Growing up, I always perceived Ash Wednesday as the magical day when all "good " Christians somehow purged themselves of the debauchery and hedonism that has crept into their lives over the last year; especially after Mardi Gras. Mostly, I remember classes being cut short so that all good Catholic school students could attend Ash Wednesday Mass, and the subsequent embarrassment of walking around all day with "dirt" on my forehead. "Hey, church boy! You've got dirt on your head!" When I got home from school, my mom was always quick to remind me not to wash the ashes off until bedtime, but was more lenient once I started to develop acne. Those oily ashes can wreak havoc on a teenage forehead. I have always found it perplexing that some pastors have the skill of creating a perfect cross, while others only seem to manage an unidentifiable smudge.
But as I look back on my spiritual journey, Ash Wednesday was merely a strict religious observance and nothing more. I had no idea why I was called to observe the day, and had no clue what the ashes were supposed to symbolize in terms of my faith. I was a faithful Catholic and believed in Christ, but in terms of dedication, giving up meat on Friday was about as far as I would go. Have you noticed all the fast food restaurants pushing fish on their menus lately? I wonder what McDonald's will do to rival the culinary delight of their "Fish McBites" from last year?

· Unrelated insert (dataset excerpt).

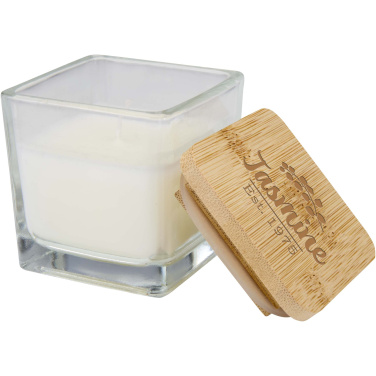 Logotrade profilprodukter bild: Ambra ljus i fyrkantigt glas med bambulock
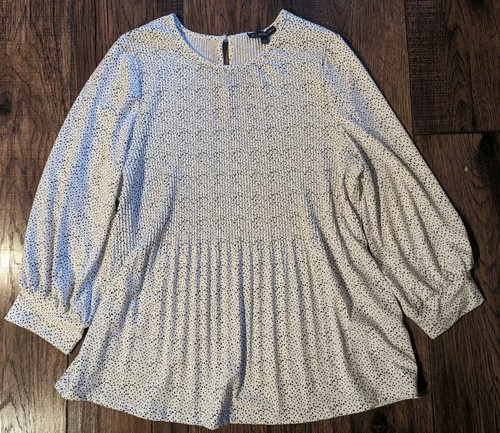 Adrianna Papell gepunktetes Blusentop Stretch Strick weiß & schwarz Damen Large - Bild 1 von 18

So this year I'm wondering to myself if Lent is suppose to mean more than just giving up something? Is it more than marathon prayer meetings, fasting, reading scripture and other "religious" activities? Is there more to Ash Wednesday? Is there more to observing Lent? I think there is, but I think that most of us don't want to think about it, because Lent has to do with a really nasty word. OK, now I'm going whisper it so that no one else hears. Ready? "Sin". Gasp! There, I said it! I know. I know. No one likes to talk about it, right? But we're all screwed up anyway, so let's just throw it out there and get it out in the open.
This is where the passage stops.